Fuat Keyman: Bu tür büyük saldırılarda, devlet ve hükümet, siyasi ve ahlaki anlamda birincil derecede sorumlu aktörler olsalar da, başarı ve toplumda güven inşası, özellikle siyasi liderler olmak üzere tüm aktörlerin birlikte olmasını, el ele tutuşup aynı siyasi iradeyi göstermesini ve birlikte çalışmasını gerekli kılar. Başbakan Ahmet Davutoğlu bu yönde çağrılar yaptı. HDP Eş Başkanlarına da aynı çağrıyı yapması doğru olurdu. Ama yapılan bu çağrı ve çağrıya Kılıçdaroğlu'nun olumlu yanıt vermesi ve bu iki büyük partinin liderlerinin hemen görüşmeleri önemliydi. Bu, doğru yapılan kamu diplomasisiydi. Seçimlerin yapılacağının altının çizilmesi ve eğer şiddet biterse Çözüm Süreci'ne tekrar dönüleceğinin açıklanması da önemli ve doğru atılmış adımlardı. Fakat milli maçta yapılan saygı duruşunu sabote edenlerin 'ama'sız eleştirilmesinden DAEŞ'e karşı net tavır alınmasına kadar uzanan bir alanda yaşanan söylemsel muğlaklıklar, AK Parti'nin kamu diplomasisinin eksikliğini yarattı.

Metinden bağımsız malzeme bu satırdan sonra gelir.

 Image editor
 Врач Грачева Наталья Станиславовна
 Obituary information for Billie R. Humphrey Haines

Türkiye, tarihinin belki de en riskli döneminden geçiyor. Gerek içeride var olan istikrarsızlık, yönetim boşluğu, terör sorunları, gerek sınırımızda ve bölgemizde ülke haritalarını, isimlerini değiştirecek nitelikteki güç oyunları ve savaşlar, Türkiye'yi çok kırılgan bir hale getiriyor. Bu nedenle, toplum olarak el ele verip farklılıklarımız içinde birlikte olmamız gerekiyor. 1 Kasım seçimleri yapılmalı ve hükümet bir an önce kurulmalıdır.

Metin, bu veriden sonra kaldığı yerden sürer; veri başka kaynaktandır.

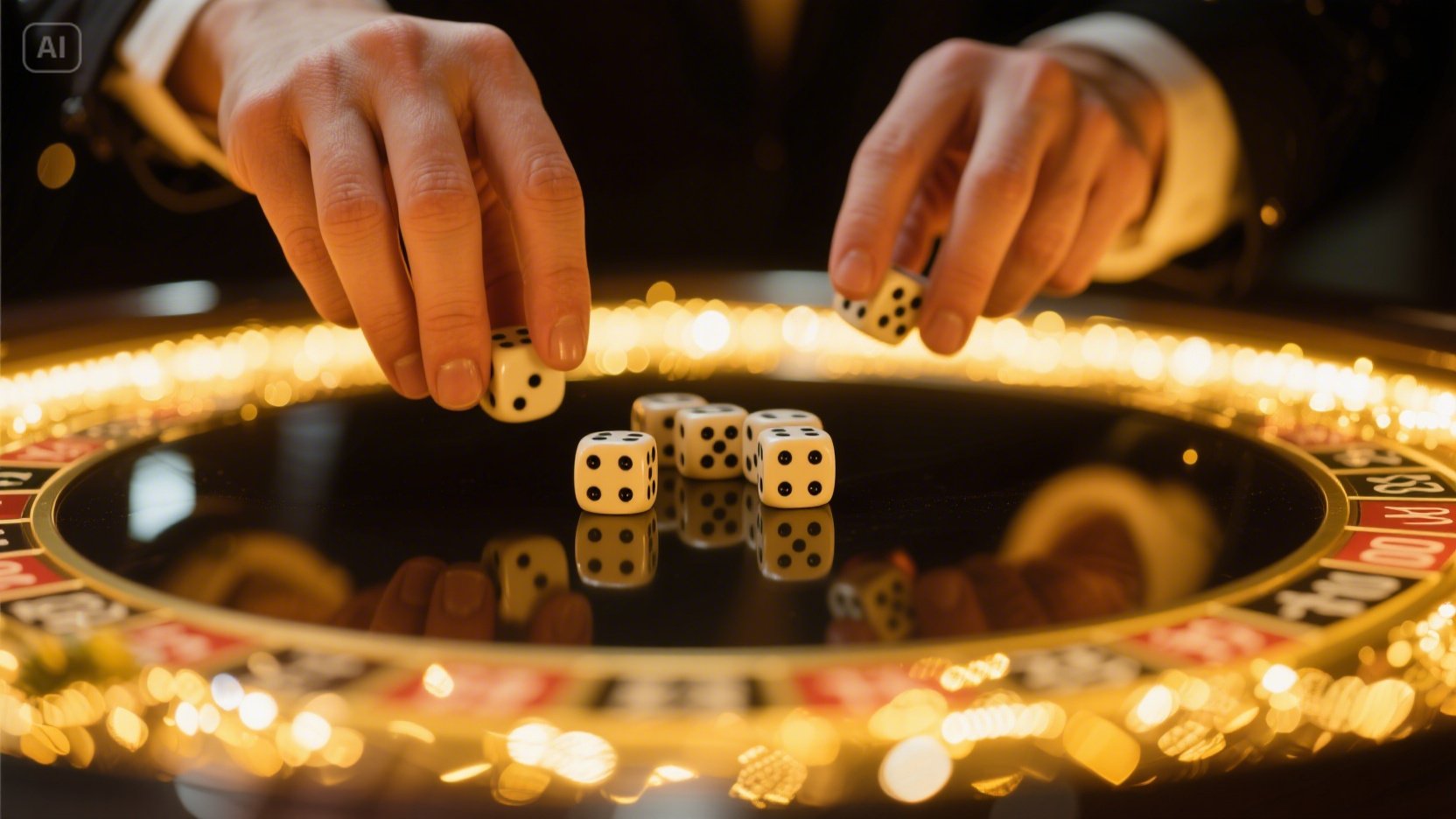 Registration at Playros Casino Casino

Ali Bayramoğlu: Açıkçası bir dönem çok parlak buluyorken şu anda iyi bulmuyorum. Özellikle Gezi Olayları'ndan beri meydana gelen pek çok hadisede alınan tedbirlerde çok sert, çok şahsileşmiş, çok endişe ve güvensizlik üzerine kurulu bir reflekse dönmüş bir kriz yönetimi var. Kriz yönetimi akıl, rasyonalite, her aklına geleni söylememeyi ve karşı tarafı kuşatmayı gerektiriyor. Ama bizde iktidar devrilmek isteniyor endişesi o kadar büyüdü ki iktidar çevrelerinde, zaman zaman bu da kriz yönetiminin çok iyi yapılamaması gibi bir durumu beraberinde getiriyor. Son dönemde biraz daha iyi diyebiliriz ama bu AK Parti yönetiminin bence temel sorunlarından biridir.

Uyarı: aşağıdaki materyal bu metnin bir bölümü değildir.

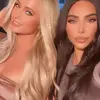 jackie - @jackiehefner - TikTok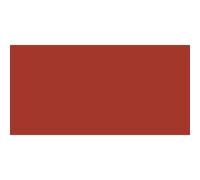 Holbein Aquarelle : Tube De 5ml Marron De Pérylène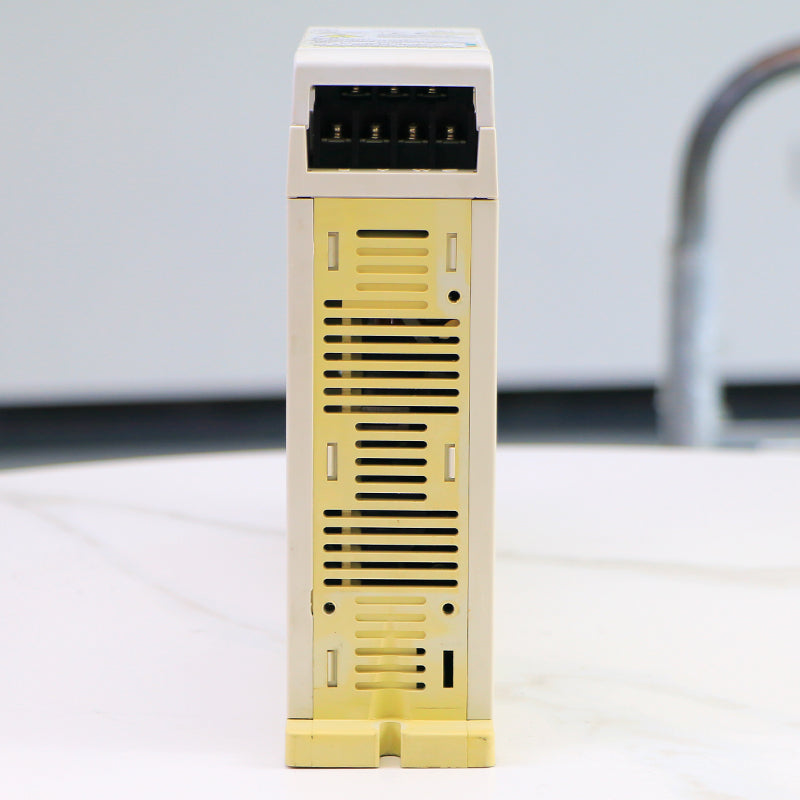 Mitsubishi MDS-C1-V2-0505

Hilal Kaplan: Eskiye göre daha iyi olduğunu düşünüyorum. Eskiden mobil bilgilendirme olmuyordu ve bu daha büyük karmaşaya neden oluyordu. Enformasyon akışı olmadığı için dezenformasyon tavan yapıyordu. Bu hususta biraz daha iyiye gidildiğini gözlemliyorum kamu diplomasisi noktasında. Fakat yeterli bulmuyorum yine de. Kamu diplomasisini de zorlayan bir şey var ki bu her gün boy boy yalan haberlerin çıkması. Bu dezenformasyon akışı akabinde kriz yönetimini de zorlaştırıyor otomatik olarak.